# Thyroid and Carbohydrates



## AnnaBell (Nov 2, 2016)

Can lack of optimized thyroid levels affect one's ability to tolerate/digest carbohydrates? Eating carbohydrates, even if complex (which I eat a lot of), seems to make me become tired, irritable, anxious, and generally on edge. It also seems to give me headaches and a runny/stuffy nose.

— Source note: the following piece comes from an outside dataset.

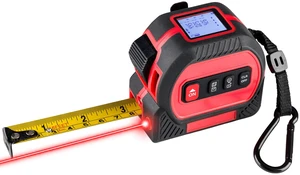 4-in-1 Digital Laser Tape Measure with Level with LED Screen | 16ft/5M Mechanical Measuring Tape and 196ft Laser Measuring Tool with Smart Calculation in Metric and Imperial Units 4-in-1 Digital Laser Tape Measure with Level with LED Screen | 16ft/5M Mechanical Measuring Tape and 196ft Laser Measuring Tool with Smart Calculation in Metric and Imperial Units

I frequently don't feel hungry until after I actually eat something. I've tried eating a low-carb diet but it's quite difficult and inevitably doesn't last. I crave carbs frequently but try to combat it by adding protein and/or fat because I know too many carbs isn't healthy and will make me feel bad. I also have a history of an eating disorder, so completely cutting out certain foods is not a great option for me.

My labs from 2 weeks ago were TSH 0.5 (range 0.3-5), FT3 2.7 (2.3-4.2), FT4 1.18 (0.71-1.85). My Levothyroxine was raised 8 weeks ago to 75 mcg. Before that, I was on 50 mcg Synthroid and my TSH was 2.19 but FT3 & FT4 were pretty much the same. I have also been on 5 mcg Cytomel since July.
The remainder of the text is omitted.